BEGIN Records provided

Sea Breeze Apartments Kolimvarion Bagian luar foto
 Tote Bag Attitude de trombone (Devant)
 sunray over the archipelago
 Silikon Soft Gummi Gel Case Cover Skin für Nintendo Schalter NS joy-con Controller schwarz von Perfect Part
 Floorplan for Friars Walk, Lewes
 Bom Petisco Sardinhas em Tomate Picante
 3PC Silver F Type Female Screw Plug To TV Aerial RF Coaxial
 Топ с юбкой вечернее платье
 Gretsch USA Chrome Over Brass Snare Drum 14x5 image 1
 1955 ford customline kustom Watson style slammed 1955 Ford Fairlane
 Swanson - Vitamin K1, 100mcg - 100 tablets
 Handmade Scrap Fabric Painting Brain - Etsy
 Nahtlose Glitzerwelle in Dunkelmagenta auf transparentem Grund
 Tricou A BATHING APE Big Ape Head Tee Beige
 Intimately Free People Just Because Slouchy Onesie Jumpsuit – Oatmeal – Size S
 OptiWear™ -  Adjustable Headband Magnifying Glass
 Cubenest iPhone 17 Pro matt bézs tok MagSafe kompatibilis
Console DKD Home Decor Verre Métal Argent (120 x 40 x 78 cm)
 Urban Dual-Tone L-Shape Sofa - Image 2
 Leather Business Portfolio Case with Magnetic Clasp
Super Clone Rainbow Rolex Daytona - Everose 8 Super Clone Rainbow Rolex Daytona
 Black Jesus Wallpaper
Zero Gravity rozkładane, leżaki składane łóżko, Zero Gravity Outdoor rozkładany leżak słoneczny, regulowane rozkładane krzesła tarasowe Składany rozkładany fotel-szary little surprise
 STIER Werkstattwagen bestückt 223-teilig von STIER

END Records provided

## Action item
Would you copy, unchanged, the stretch of the records above that begins at the line containing "Leather Business Portfolio" and ends at the line containing "Black Jesus Wallpaper", and only that?

## Result of this exercise
 Leather Business Portfolio Case with Magnetic Clasp
Super Clone Rainbow Rolex Daytona - Everose 8 Super Clone Rainbow Rolex Daytona
 Black Jesus Wallpaper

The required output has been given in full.